Pipeline components ready.


## 5. The Training Step

Now we perform a single training iteration manually. This corresponds to the `update_policy` function in `lerobot_train.py`.

**The Flow:**
1.  **Fetch Batch**: Get a dictionary of tensors (images, states, actions) from the dataloader.
2.  **Preprocess**: Normalize the batch (on CPU).
3.  **Move to Device**: Send data to GPU/CPU.
4.  **Forward Pass**: `policy(batch)` computes the loss.
    -   ACT uses a VAE objective: `loss = reconstruction_loss + kl_weight * kld_loss`.
    -   It tries to reconstruct the `action` chunk given the `observation` and the `latent`.
5.  **Backward Pass**: Compute gradients.
6.  **Optimizer Step**: Update model weights.

In [15]:
# 1. Fetch a single batch
dl_iter = iter(dataloader)
batch = next(dl_iter)
print("Raw batch keys:", batch.keys())

# 2. Preprocess (Normalization)
# Note: The preprocessor expects data on CPU usually, but handles device internally if configured.
batch = preprocessor(batch)

# 3. Move batch to device
for key in batch:
    if isinstance(batch[key], torch.Tensor):
        batch[key] = batch[key].to(device)
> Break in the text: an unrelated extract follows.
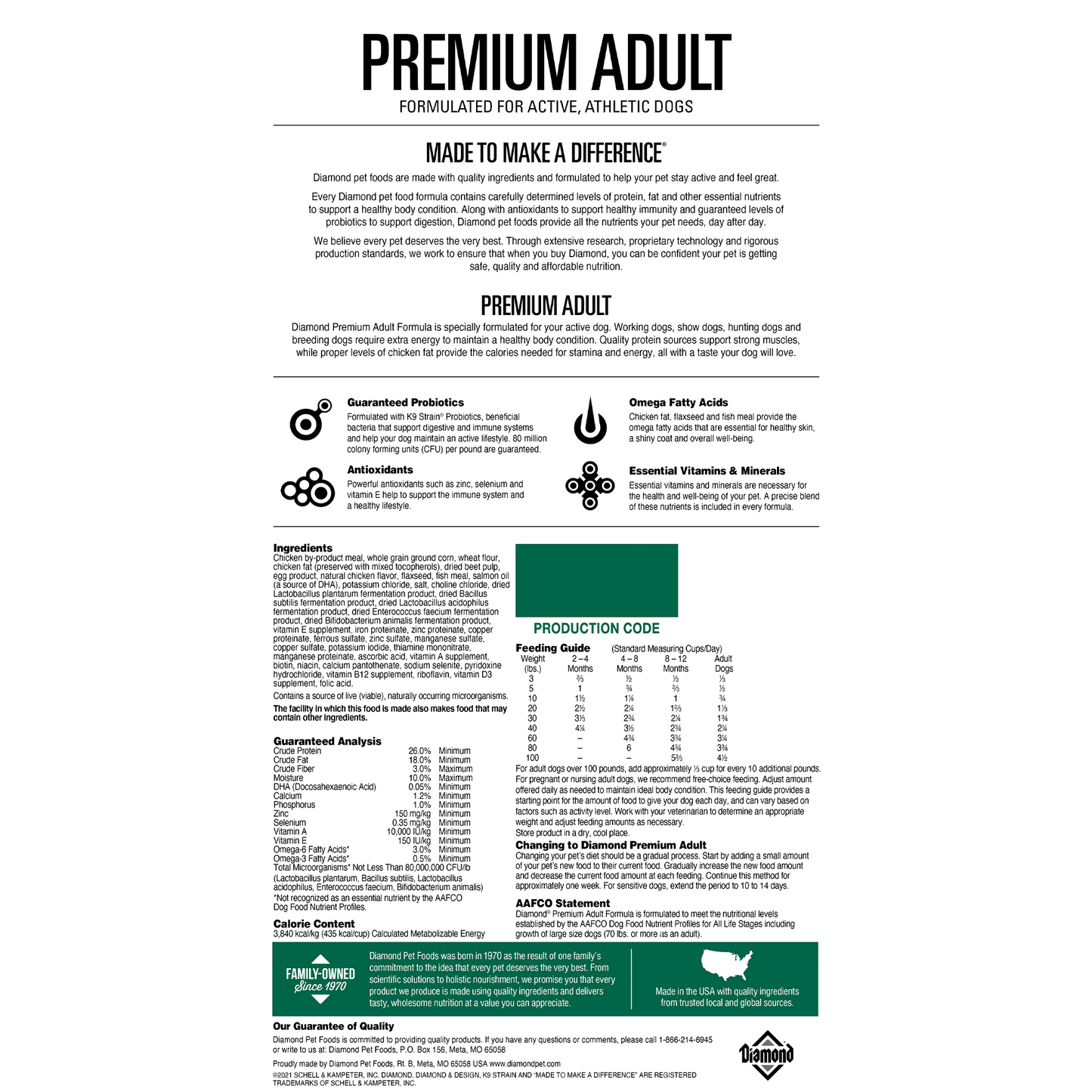 Diamond Dog Food- Premium Adult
# Set policy to training mode
policy.train()

# 4. Forward Pass
# The policy.forward() method handles the complex logic of the ACT model:
# - Encoding images with ResNet
# - Encoding action sequence with VAE encoder (to get z)
# - decoding with Transformer
# - Computing L1 loss (action reconstruction) and KL loss (VAE regularization)
loss, output_dict = policy.forward(batch)

print("\n--- Training Step Results ---")
print(f"Total Loss: {loss.item():.4f}")
print("Component Losses:", output_dict)

# 5. Backward Pass
optimizer.zero_grad()
loss.backward()

# Clip gradients (standard practice for Transformers)
grad_norm = torch.nn.utils.clip_grad_norm_(
    policy.parameters(), cfg.optimizer.grad_clip_norm
)
print(f"Gradient Norm: {grad_norm.item():.4f}")

# 6. Optimizer Step
optimizer.step()

print("Weights updated successfully!")

Raw batch keys: dict_keys(['observation.image', 'observation.state', 'action', 'episode_index', 'frame_index', 'timestamp', 'next.reward', 'next.done', 'next.success', 'index', 'task_index', 'action_is_pad', 'task'])

--- Training Step Results ---
Total Loss: 66.0094
Component Losses: {'l1_loss': 0.7924197912216187, 'kld_loss': 6.521697044372559}
Gradient Norm: 1103.7797
Weights updated successfully!


## Conclusion

You've successfully run one step of ACT training! 

**Key Takeaways:**
- The `make_dataset` and `make_policy` helpers simplify initialization significantly.
- `preprocessor` is critical; the model expects normalized inputs.
- The policy's `forward` method encapsulates the specific algorithm logic (ACT's VAE + Transformer), returning a ready-to-optimize loss.

In the full training script, this loop repeats for thousands of steps, with added logic for:
- Checkpointing (saving the model).
- Evaluation (running the policy in a simulation/real robot).
- Logging (WandB).
- Distributed training (multi-GPU).